Friday, April 18, 2008

Does the proliferation of bloggers make ethical demands for news journalists redundant?

Some of this information came from an essay I did for Joe Atkinson's Political Content of Television paper. The discussion is based around the idea that with the increase of news sources, in particular blogging, has there become less of a need for journalists to be ethical and impartial?

Throughout much of history people would get their news from few sources, a nightly news show, the radio or daily newspaper. With the arrival of Web 2.0, people are increasingly 'logging on' and utilising the massive potential of the internet. A big part of this has been the explosion of online new media. What were originally only email and messenger services have blossomed to include social networking sites, wikis, weblogs, podcasts, online newspaper content and search engines. Old news sources such as daily newspapers and broadcast news face declining readerships/ viewers worldwide yet some blog sites are getting up to 100 hits a second[1]
What was once a small group of devotees has grown into a massive industry where anyone in the world, provided they have web access, can have their voice heard by millions.

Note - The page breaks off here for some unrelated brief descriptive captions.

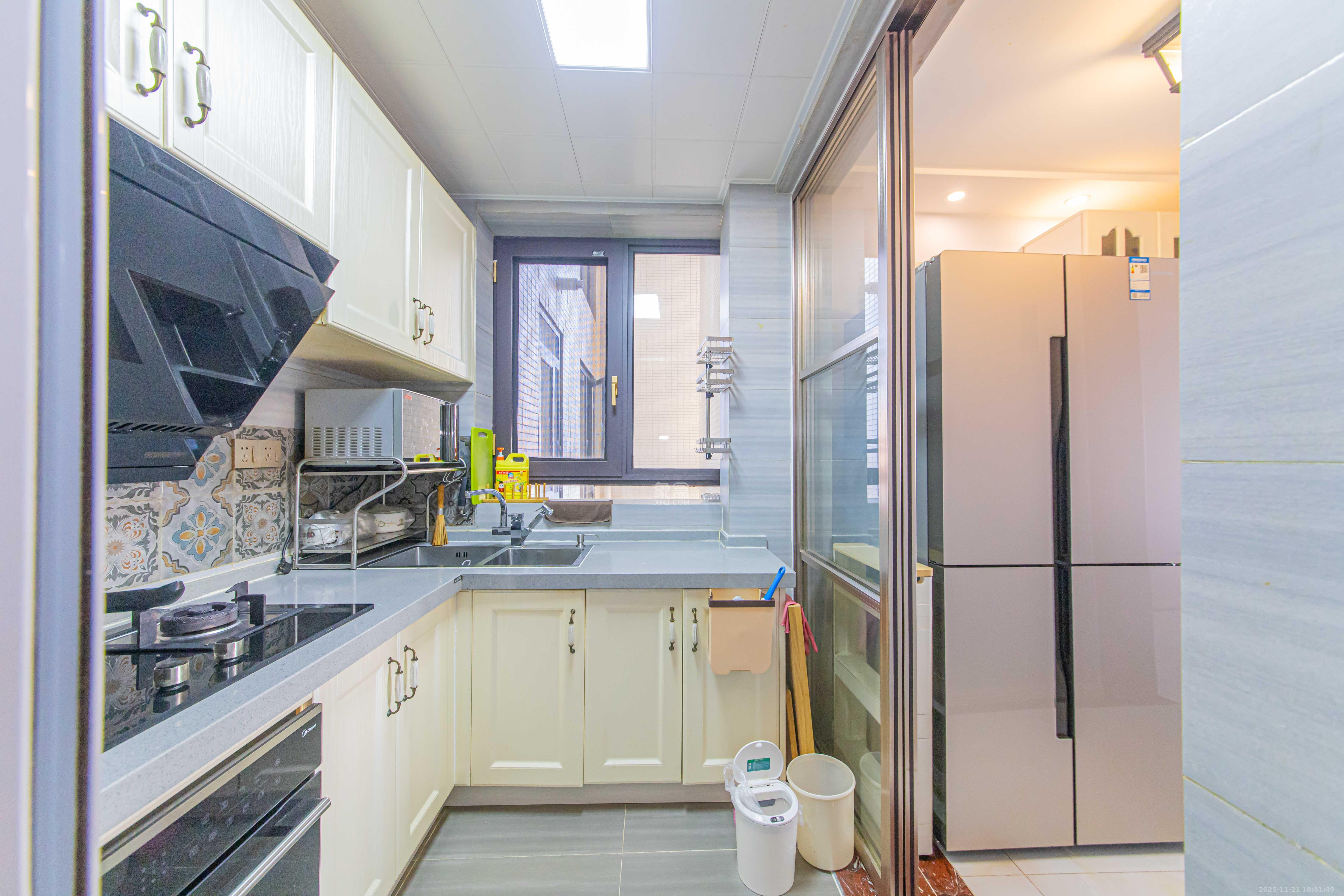 金房奥斯卡  3室2厅2卫    95.0万厨房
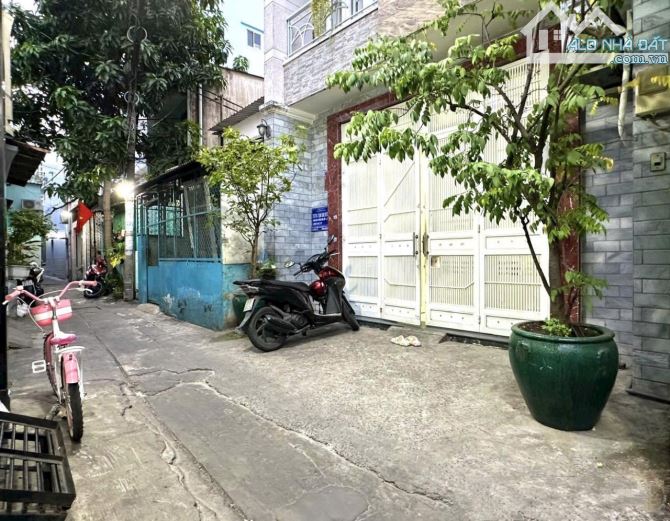 Q11💰3,9 tỷ🏠27m2(3×10)(2tâng)(hẻm 4m )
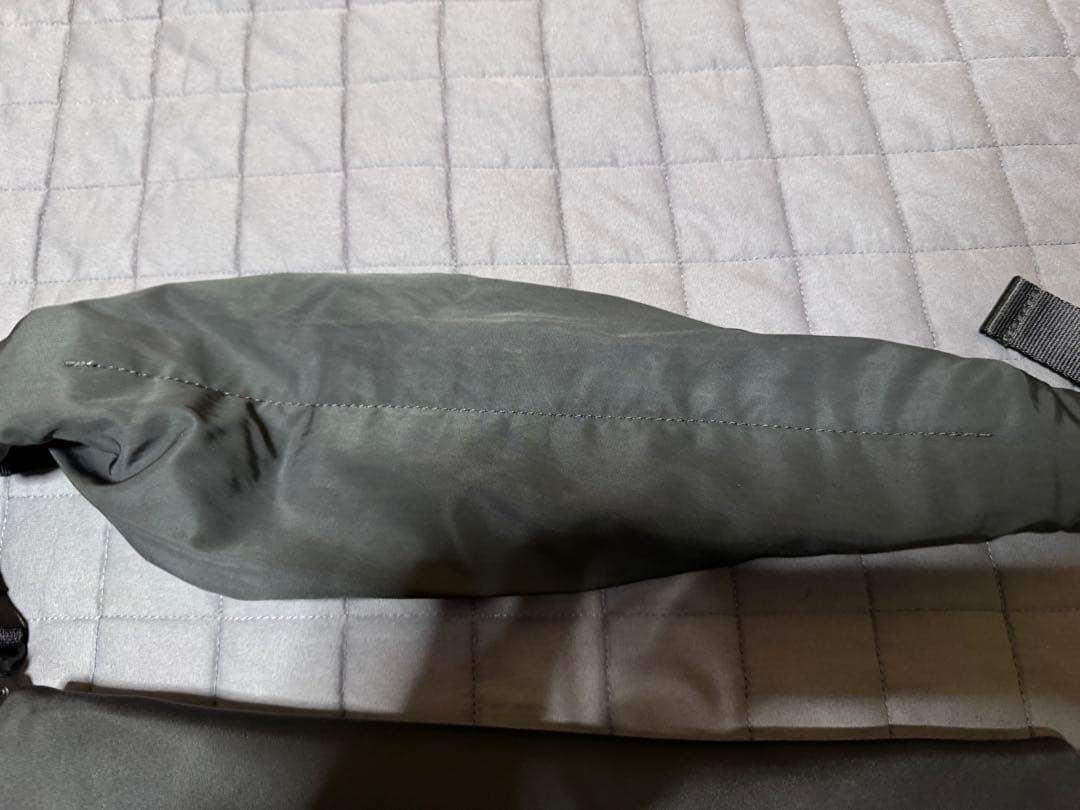 バッグ cote&ciel Hala S Sleek Black/Yellow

Blogging has seen a massive increase even in the last few years as more people are going online. Some of them anonymous, some journalists, some societal commentators and even just interested parties all espousing their views over the internet. A study in 2005 showed that some 50 million US internet users visited blogs in the first quarter of 2005.

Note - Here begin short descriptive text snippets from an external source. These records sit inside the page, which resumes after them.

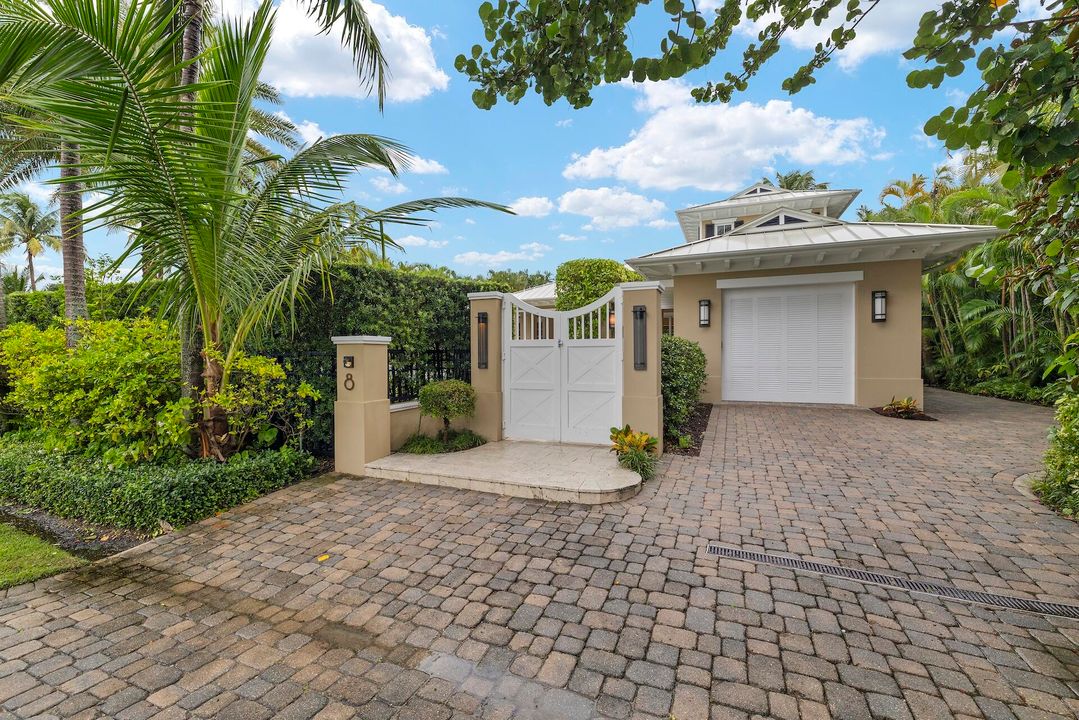 For Sale: $3,895,000 (3 beds, 3 baths, 2582 Square Feet)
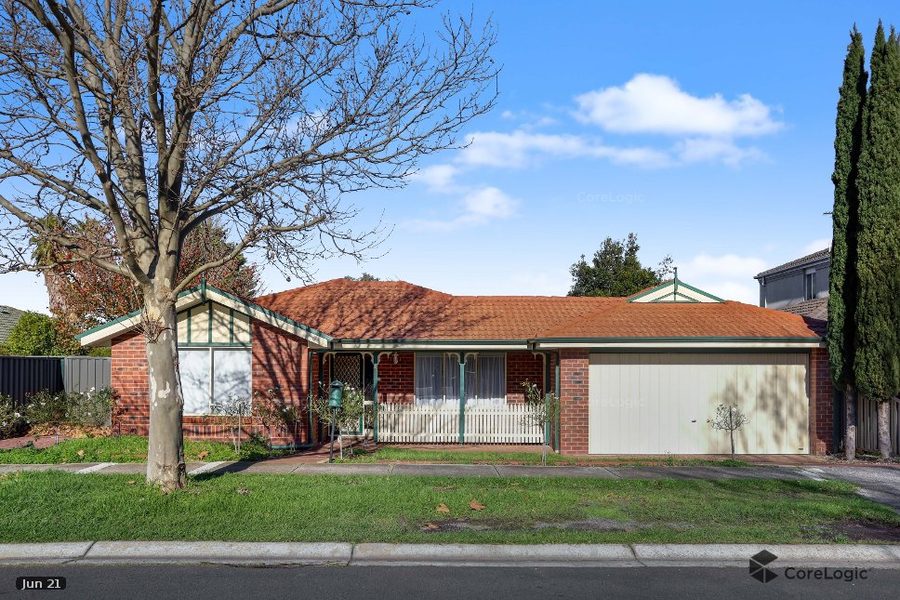 30 Grandview Crescent, Hillside VIC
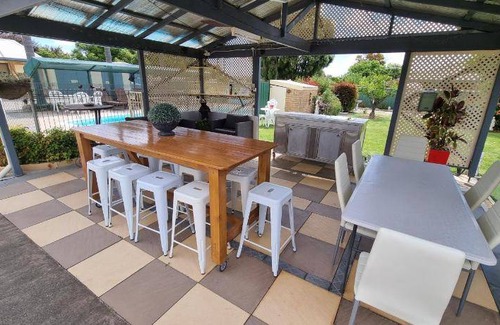 Corowa Hotel | 92 m² Motel ∙ 8 guests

New media definately has some advantages, information can be uploaded with immediacy giving news a more up-to-date quality. People can instantly search through google to find information and there sometimes hundreds of websites devoted to a topic. Behind the safety and anonymity of a computer screen keyboard warriors the world over are changing the way we view the media.

Traditional mainstream news has long held as a major tenet the fairness and accuracy of its reporting. Joe Atkinson said "journalists are said to identify more readily with their profession than with the organisation to which they belong". Journalistic integrity and freedom of the press is one of the basic building blocks of any liberal democracy. Most people in society do not have the time or inclination to research everything around them so it is the requirement of journalists and the media to do this for them. This has given the profession some fundamental guidelines in how to operate in the interests of a free and informed society. Journalists are required to act as public watchdogs and there Joe Atkinson outlined a set of ideological values self-imposed upon the profession.
  • the public service aspect; acting as watchdogs in the public interest
  • providing objectivity to their reporting; giving impartial, balanced views
  • maintaining autonomy; that journalists act as independence and are not beholden to any groups
  • immediacy; that the news they report is current and up to date.
  • ethics; that journalists retain their personal integrity

If journalists are caught making up lies or supplying incorrect information they are censured and can lose their jobs, this is not the case with blogging. A weblog, as discussed, can be a completely anonymous medium; the intentions of a blogger are not automatically clear. A blog will generally be written with a particular intention, as this one is, otherwise there would be little point in doing it. Objectivity and impartiality are big issues within the blogosphere. If your reason for discussing an issue is from being directly affected by it notions of fairness and impartiality are nulled. What blogs can do well is give opinion, but they cannot prove to give impartial reporting. There is a marked decline in traditional media. The likelihood of the blogging world adopting journalistic values is slight. So what will happen to the values?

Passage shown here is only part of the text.